But in the last week, I have been FEELING it. I have been feeling it. I have had physical pain from my joints to my fingertips. Cringing moments of unbelievable and devastating realization of what my sister went through. Painful moments of knowing I will never be able to talk to her, ever again. Moments of regret thinking of all I should have said to her but did not. Heart twinging moments of imagining her children’s pain. Of wanting to make it all go away for them. Immense sadness for her husband, Justin, and the role he now holds as single father, widower.
The worst thoughts I have had are of her physical body. I don’t allow myself to linger on these thoughts. But as unwelcome as they are, they pop in my head. Thoughts of what happens to our physical bodies when we all die. And I’m sorry if this is offensive but believing in an afterlife doesn’t take away from the truths that lay in this thought (at least not for me). When you KNOW the soul… the person whose body it is… it’s just too much.
It’s so hard.
It’s hard to see the people I am closest to and do daily life with. Because I may be thinking about Jessica almost all day and see these people throughout that time, but (& no fault to them) they expect me to talk about normal things and be able to do normal things. They don’t bring it up. Not to say I would want them to even if they did. But it’s hard.
And it’s hard to talk to those people I am closest to but don’t see as often. The friends who love me so much. The ones who have told me they are here when I am ready to open up. Since Jessica passed away, I have had 3 conversations about it with some of these people. And the conversations are memorable because they are painful. I am so thankful to have friends that are willing to listen and empathize. I want to talk to them about it. But the conversations bring everything back up. Will there ever be a time that it doesn’t? And how are you supposed to see and talk to your best friends about anything normal with this huge thing lingering over it all? I know it’s possible, but it’s just weird. Again, it is hard.

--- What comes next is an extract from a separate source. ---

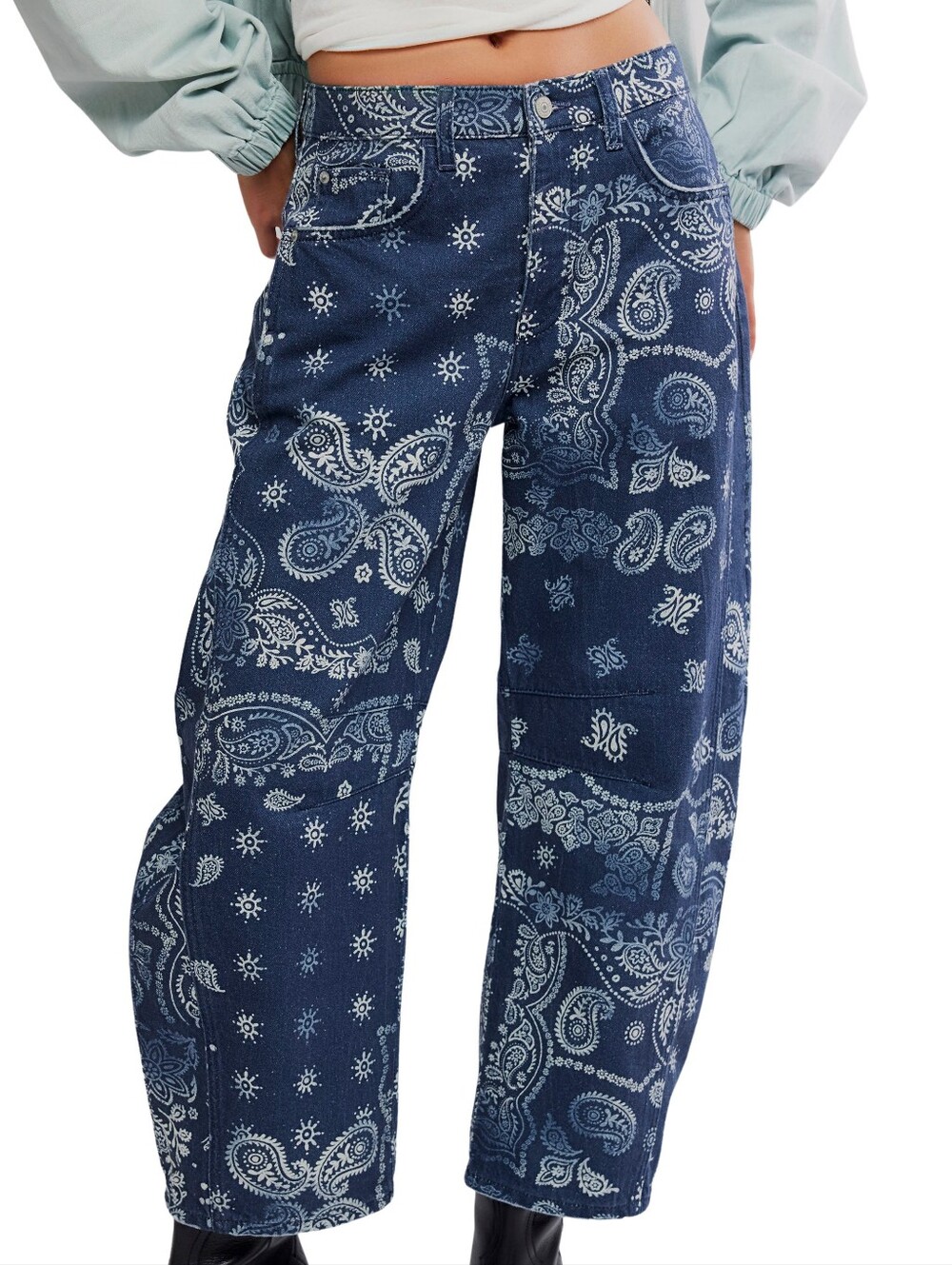 FP Good Luck Barrel Leg Bandana Jeans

It’s hard to see the people I wouldn’t usually open up to about personal things with. Because they know and I know they know this has happened. But they don’t acknowledge it, and neither do I.
And I get the other side of it. I get not wanting to bring it up and cause more pain. And being afraid of saying the wrong thing. And I totally respect that because I have been in that same spot.
I have insecurities about saying the wrong things too. I’m less likely to think about it after the conversation, which is very different than I used to be, but I think when something this bad happens you just kind of don’t care about “saying the wrong things” anymore.
I think the lingering hardest part about talking or not talking about any of it is that nothing will ever make it better. In the past when I have faced something difficult, I could have hope that maybe there was a reason or a purpose behind it. I could talk to my best friends and family because they genuinely could make me feel better. But now, nothing anyone says can give me what I ultimately want. Jessica will never come back to me. No one has any control over that.
Maybe the individual days will get easier, maybe the fierce pain I feel right now won’t always be here. But when I think of her, of how she died, of how she is dead… it will always hurt. I don’t believe I will ever hear something that makes me miss her any less. Talking through it I guess can help me organize my thoughts. Maybe I can let go of some of the moments I witnessed that are causing me to feel so much hurt for her. But I just don’t think the pain is going to go away. And I don’t want it to because I feel I need to carry it for her. The injustices she faced, the injustice of dying at age 31 when you are so perfect, so loving, so incredibly grateful for life… I need to feel that pain for her because she can’t.
I’m not really sure how to end my rambling… it all feels abrupt. Which is another reason why I have trouble talking about it with anyone. There is no end to the conversation of my sister’s death. There is no neatly wrapped up box to place it into. It is messy, it is sad, and it has changed the structure in which I once thought life was held.